Vous êtes l’un des principaux artisans de la réconciliation interchrétienne. Etes-vous pleinement convaincu que cette alliance est faite pour durer? Personne ne réalise l’importance de cette réconciliation historique entre les Forces Libanaises et le Courant Patriotique Libre autant que celui qui a vécu le drame des relations tendues entre leurs bases durant plusieurs années et leurs répercussions négatives au sein de chaque formation. Nous avons travaillé des heures avec le député Ibrahim Kanaan sur les menus détails pour aboutir à cet accord dans sa version actuelle. Il a été élaboré en vue de durer, étant basé sur des convictions et non sur des intérêts, comme c’est le cas aujourd’hui, de la part de certains qui ne voient dans cette réconciliation qu’un moyen pour réaliser leurs buts et souhaits. Et malgré l’ambiance tendue je crois toujours que cette réconciliation est une importante réalisation dans l’histoire des relations interchrétiennes.
Que vous a appris et donné le pouvoir? Le pouvoir m’a appris beaucoup de choses, dont la plus importante est le fait de rester Melhem Riachy sans titre, parce que les gens m’ont aimé ainsi et je les aime tout simplement. Souvent le pouvoir nous éloigne de ceux qu’on aime.
Quelle est votre ambition politique? Je ne décide pas personnellement de mon ambition politique, elle dépend du parti auquel j’appartiens. J’aime rester moi-même, mais ceux que j’aime m’incitent à réaliser mon ambition politique. J’espère pouvoir réaliser des choses pour mon entourage à travers la position politique à laquelle je serai affecté par le commandement de mon parti.
«Les journaux peuvent rivaliser avec l’Internet dans la mesure où ils ne se contentent pas seulement de véhiculer les nouvelles, mais aussi de les analyser.»

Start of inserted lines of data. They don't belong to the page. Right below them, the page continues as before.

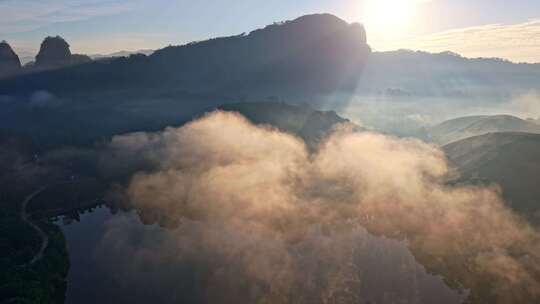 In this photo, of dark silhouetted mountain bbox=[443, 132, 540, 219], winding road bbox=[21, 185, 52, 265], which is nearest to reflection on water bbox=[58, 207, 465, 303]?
winding road bbox=[21, 185, 52, 265]

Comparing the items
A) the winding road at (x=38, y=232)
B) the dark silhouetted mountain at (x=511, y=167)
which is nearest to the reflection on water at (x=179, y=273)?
the winding road at (x=38, y=232)

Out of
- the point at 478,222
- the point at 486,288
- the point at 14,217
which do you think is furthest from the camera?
the point at 14,217

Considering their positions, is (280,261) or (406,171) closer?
(280,261)

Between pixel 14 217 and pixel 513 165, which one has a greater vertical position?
pixel 513 165

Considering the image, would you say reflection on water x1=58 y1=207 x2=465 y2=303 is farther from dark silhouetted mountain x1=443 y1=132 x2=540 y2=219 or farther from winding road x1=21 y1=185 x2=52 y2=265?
dark silhouetted mountain x1=443 y1=132 x2=540 y2=219

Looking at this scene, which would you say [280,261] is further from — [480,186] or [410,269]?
[480,186]

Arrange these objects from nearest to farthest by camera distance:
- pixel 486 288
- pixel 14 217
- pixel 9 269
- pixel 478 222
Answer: pixel 486 288 < pixel 9 269 < pixel 478 222 < pixel 14 217

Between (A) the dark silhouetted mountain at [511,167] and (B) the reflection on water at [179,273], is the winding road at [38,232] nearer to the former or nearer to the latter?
(B) the reflection on water at [179,273]

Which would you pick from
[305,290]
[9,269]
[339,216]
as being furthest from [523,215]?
[9,269] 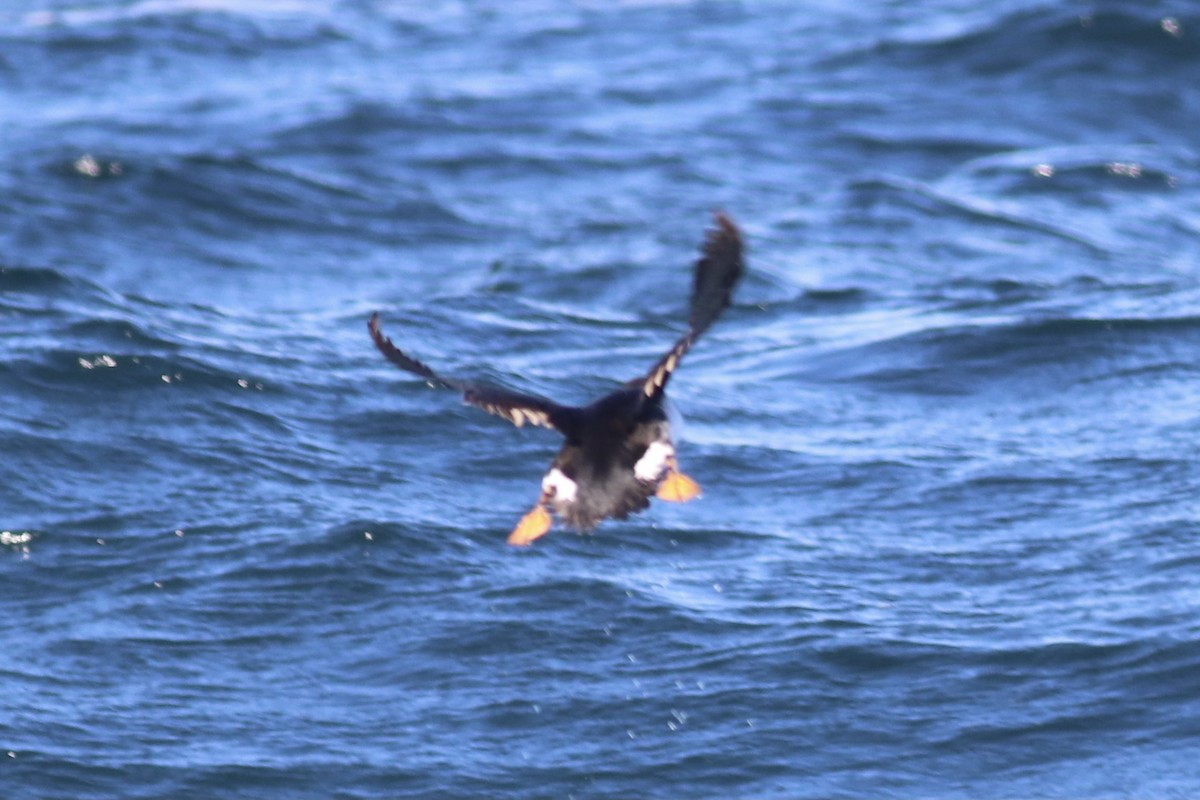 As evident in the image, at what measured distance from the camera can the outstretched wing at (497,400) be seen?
17.6 ft

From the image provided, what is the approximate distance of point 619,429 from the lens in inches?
215

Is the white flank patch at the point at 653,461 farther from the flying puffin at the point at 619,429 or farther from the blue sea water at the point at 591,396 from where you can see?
the blue sea water at the point at 591,396

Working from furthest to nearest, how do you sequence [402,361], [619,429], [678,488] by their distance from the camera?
1. [678,488]
2. [619,429]
3. [402,361]

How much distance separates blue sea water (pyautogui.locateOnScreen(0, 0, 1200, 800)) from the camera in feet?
23.5

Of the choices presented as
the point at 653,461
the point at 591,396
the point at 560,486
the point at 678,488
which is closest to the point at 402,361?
the point at 560,486

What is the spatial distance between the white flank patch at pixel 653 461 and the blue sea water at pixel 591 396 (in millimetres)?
1818

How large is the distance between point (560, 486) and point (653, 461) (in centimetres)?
27

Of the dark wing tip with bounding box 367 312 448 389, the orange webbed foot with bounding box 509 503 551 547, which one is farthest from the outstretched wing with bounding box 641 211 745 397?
the dark wing tip with bounding box 367 312 448 389

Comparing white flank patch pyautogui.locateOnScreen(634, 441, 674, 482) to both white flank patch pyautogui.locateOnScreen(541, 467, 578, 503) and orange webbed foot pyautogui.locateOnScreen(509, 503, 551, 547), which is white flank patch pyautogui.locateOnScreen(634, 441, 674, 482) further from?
orange webbed foot pyautogui.locateOnScreen(509, 503, 551, 547)

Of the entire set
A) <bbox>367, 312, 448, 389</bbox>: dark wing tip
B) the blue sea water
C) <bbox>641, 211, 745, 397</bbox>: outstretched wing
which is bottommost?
the blue sea water

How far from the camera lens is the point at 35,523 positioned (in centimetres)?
873

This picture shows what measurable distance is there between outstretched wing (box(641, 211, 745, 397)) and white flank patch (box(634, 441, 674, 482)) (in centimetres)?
18

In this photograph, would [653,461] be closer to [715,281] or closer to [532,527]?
[532,527]

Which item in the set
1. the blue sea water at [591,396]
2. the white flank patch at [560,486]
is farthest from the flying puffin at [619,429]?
the blue sea water at [591,396] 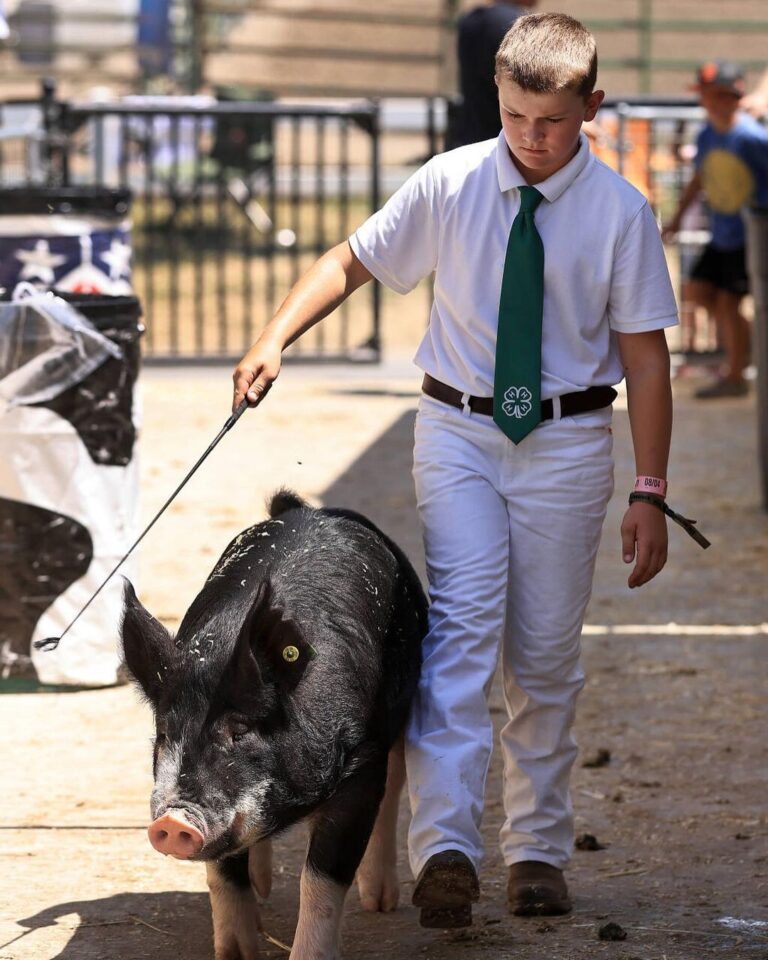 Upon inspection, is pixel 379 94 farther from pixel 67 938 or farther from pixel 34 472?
pixel 67 938

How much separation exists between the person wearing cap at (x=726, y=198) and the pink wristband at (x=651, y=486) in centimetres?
716

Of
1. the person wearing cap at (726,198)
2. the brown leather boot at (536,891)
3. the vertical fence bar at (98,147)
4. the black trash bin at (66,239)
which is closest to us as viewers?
the brown leather boot at (536,891)

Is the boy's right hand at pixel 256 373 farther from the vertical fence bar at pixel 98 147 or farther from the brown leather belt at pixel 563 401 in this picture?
the vertical fence bar at pixel 98 147

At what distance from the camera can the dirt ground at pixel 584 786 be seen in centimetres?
367

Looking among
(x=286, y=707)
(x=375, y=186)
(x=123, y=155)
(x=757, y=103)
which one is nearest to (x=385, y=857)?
(x=286, y=707)

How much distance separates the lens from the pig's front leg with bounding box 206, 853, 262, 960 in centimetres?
345

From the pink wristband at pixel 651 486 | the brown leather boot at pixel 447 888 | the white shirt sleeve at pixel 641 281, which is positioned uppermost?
the white shirt sleeve at pixel 641 281

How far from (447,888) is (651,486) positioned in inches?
36.3

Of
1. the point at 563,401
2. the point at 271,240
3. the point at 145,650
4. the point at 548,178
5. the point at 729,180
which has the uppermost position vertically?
the point at 548,178

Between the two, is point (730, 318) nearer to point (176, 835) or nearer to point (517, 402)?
point (517, 402)

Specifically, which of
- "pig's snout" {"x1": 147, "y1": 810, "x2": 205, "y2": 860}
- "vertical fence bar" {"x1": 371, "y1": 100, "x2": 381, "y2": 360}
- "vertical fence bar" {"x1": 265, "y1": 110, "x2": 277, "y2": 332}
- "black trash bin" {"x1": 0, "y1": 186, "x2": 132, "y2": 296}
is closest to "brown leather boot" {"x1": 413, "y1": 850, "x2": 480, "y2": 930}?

Il y a quelques semaines le Liban a frôlé une grave crise politique, quelles conséquences doit-on tirer? Nous avons dépassé cette phase avec le moins de dégâts possible et nous en sommes sortis en consolidant notre unité nationale, qui reste la seule garantie pour l’avenir. L’important est de savoir profiter de nos erreurs et de ne pas revenir en arrière, ciblant plus de productivité pour tendre vers une stabilité intérieure à l’abri des guerres qui nous entourent. La distanciation requiert des mesures opérationnelles pour prouver réellement au monde que les Libanais, sans exception ne s’ingéreront pas dans les affaires internes de n’importe quel pays arabe.

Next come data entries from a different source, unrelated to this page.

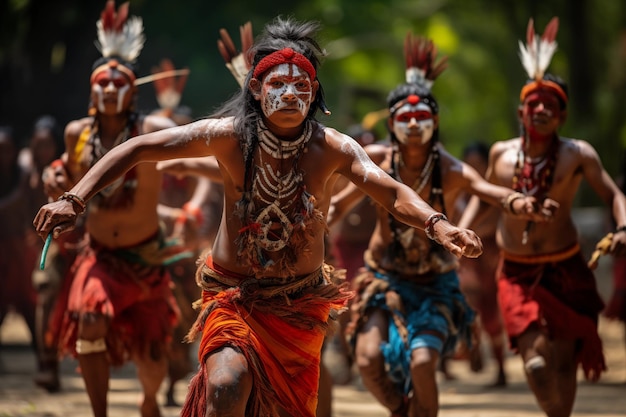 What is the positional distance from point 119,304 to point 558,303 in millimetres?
2629

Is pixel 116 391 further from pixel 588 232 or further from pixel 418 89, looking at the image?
pixel 588 232

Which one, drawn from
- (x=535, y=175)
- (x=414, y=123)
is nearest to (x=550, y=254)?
(x=535, y=175)

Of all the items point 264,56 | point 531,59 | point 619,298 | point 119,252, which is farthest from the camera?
point 619,298

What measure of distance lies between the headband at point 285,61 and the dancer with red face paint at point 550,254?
7.17ft

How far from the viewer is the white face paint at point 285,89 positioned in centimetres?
519

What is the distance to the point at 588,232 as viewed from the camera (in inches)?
663

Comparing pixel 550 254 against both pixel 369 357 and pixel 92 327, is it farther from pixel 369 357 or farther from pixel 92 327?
pixel 92 327

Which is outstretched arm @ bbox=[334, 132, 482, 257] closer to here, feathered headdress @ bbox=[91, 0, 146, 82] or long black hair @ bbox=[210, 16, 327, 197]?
long black hair @ bbox=[210, 16, 327, 197]

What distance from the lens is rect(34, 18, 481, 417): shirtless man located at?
5.11 m

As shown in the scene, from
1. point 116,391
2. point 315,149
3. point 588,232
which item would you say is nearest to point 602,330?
point 588,232

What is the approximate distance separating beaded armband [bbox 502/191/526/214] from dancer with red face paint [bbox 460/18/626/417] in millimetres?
464

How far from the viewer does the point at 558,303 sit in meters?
6.90

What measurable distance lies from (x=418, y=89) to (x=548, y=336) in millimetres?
1657

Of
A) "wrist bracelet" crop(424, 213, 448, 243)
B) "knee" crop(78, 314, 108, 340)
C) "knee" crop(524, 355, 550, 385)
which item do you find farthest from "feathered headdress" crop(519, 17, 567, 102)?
"knee" crop(78, 314, 108, 340) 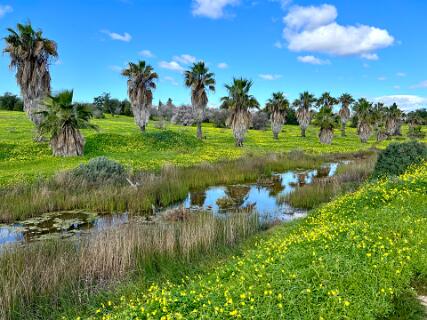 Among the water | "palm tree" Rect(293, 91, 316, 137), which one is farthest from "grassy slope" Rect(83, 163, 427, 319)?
"palm tree" Rect(293, 91, 316, 137)

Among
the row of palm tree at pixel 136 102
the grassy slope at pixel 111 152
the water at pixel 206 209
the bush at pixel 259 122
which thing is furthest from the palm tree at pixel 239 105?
the bush at pixel 259 122

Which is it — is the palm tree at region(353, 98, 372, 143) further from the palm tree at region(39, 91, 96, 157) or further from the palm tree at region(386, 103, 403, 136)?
the palm tree at region(39, 91, 96, 157)

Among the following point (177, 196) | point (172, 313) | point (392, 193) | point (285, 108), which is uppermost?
point (285, 108)

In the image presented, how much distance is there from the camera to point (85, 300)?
8.02 meters

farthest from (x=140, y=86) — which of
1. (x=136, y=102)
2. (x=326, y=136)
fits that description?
(x=326, y=136)

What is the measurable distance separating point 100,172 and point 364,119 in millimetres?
65042

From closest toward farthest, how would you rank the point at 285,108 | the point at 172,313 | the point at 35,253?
the point at 172,313, the point at 35,253, the point at 285,108

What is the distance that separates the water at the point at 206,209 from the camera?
524 inches

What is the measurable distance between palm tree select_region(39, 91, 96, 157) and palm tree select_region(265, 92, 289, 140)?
4135cm

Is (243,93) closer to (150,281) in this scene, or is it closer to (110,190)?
(110,190)

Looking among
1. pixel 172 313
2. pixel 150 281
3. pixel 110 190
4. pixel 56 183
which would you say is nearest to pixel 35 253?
pixel 150 281

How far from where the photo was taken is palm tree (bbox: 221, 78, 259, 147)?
1795 inches

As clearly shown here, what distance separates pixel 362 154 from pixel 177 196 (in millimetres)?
36667

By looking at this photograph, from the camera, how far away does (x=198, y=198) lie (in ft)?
66.9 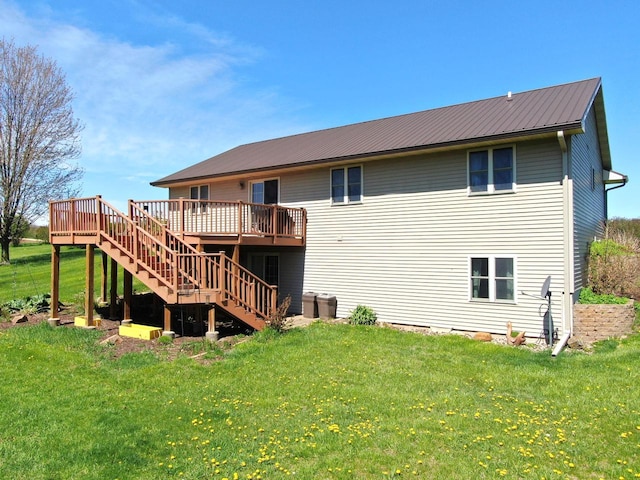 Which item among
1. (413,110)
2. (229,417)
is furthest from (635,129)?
(229,417)

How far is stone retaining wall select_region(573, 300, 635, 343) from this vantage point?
9469 millimetres

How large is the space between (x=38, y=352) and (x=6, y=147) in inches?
903

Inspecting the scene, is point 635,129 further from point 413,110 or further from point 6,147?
point 6,147

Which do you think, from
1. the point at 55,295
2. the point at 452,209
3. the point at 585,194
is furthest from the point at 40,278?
the point at 585,194

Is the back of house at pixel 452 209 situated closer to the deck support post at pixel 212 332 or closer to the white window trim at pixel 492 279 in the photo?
the white window trim at pixel 492 279

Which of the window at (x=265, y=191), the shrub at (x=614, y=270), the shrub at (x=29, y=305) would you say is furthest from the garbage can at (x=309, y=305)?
the shrub at (x=29, y=305)

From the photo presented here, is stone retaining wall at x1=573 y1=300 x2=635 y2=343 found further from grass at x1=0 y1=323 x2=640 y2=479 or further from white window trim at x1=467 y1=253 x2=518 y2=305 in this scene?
white window trim at x1=467 y1=253 x2=518 y2=305

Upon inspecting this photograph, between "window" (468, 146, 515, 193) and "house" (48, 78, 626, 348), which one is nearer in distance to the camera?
"house" (48, 78, 626, 348)

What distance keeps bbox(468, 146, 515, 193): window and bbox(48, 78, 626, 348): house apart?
0.03 metres

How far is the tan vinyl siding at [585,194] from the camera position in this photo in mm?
10406

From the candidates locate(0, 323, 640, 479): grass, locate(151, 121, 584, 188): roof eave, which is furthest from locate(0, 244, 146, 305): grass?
locate(0, 323, 640, 479): grass

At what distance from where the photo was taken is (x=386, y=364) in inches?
307

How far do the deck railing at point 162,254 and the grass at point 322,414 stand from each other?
6.22ft

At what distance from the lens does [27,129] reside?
A: 2561 centimetres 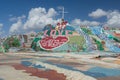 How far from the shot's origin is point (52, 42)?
89.6 m

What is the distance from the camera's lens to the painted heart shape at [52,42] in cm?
8850

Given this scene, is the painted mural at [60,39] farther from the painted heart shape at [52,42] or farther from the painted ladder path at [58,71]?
the painted ladder path at [58,71]

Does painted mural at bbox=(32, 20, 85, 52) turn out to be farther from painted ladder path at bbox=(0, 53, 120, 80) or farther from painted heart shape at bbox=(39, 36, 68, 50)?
painted ladder path at bbox=(0, 53, 120, 80)

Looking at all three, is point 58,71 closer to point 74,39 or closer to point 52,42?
point 74,39

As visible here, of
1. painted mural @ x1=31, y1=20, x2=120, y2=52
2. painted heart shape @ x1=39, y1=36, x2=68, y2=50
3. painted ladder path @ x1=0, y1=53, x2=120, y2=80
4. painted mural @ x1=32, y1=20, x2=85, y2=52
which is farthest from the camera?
painted heart shape @ x1=39, y1=36, x2=68, y2=50

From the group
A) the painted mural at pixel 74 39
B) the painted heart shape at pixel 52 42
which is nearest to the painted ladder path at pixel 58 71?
the painted mural at pixel 74 39

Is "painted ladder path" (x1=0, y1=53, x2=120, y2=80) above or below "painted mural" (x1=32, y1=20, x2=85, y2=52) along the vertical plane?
below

Pensez-vous que le Liban est désormais définitivement à l’abri des conflits régionaux? Si la politique de distanciation est réellement appliquée, je pense que le Liban est capable de contrer tous les dangers, et restera à distance des conflits régionaux et de leurs répercussions négatives sur la situation intérieure de notre pays. Nous pourrons alors, nous atteler sérieusement au travail pour consolider notre situation économique qui est sur le point de s’écrouler. Propos recueillis par SABINE FARRA DE CERDA
Bio – Express
- Melhem Antoun Riachy est originaire de Khenchara du Metn-Nord. Il est le benjamin d’une famille de quatre enfants, deux garçons et deux filles. Il est marié avec Solange Khoury, metteur en scène à la chaîne ANB.
- Ecrivain, journaliste et chercheur spécialiste des affaires du Moyen-Orient et des religions comparées. Il a à son actif plusieurs études dans ce domaine.
- Il est consultant en Affaires politiques et stratégie de négociations, et professeur en communication géostatique à l’USEK.
- Directeur du département de communication au sein du parti des Forces Libanaises depuis février 2012.
- Désigné par le leader des FL comme envoyé spécial auprès du président Michel Aoun, il a réussi, en coopération avec le député Ibrahim Kanaan du CPL, l’accord historique qui a été signé par les deux chefs chrétiens le 2 juin 2015, et connu sous l’appellation: La Déclaration d’intentions entre le CPL et les FL, lequel a mis fin à trente ans de conflits.
- Militant social, le fringant ministre est président d’une antenne Caritas du Metn. Il a aussi maintes publications et ouvrages, édités à Dar An-Nahar et par la maison d’édition française Harmattan, notamment: Judas Iscariot le traitre innocent (1995), Les élections de 2000 (2000), Le puits (2003), Le gardien de la tombe (2007), Le livre des reproches (2016)…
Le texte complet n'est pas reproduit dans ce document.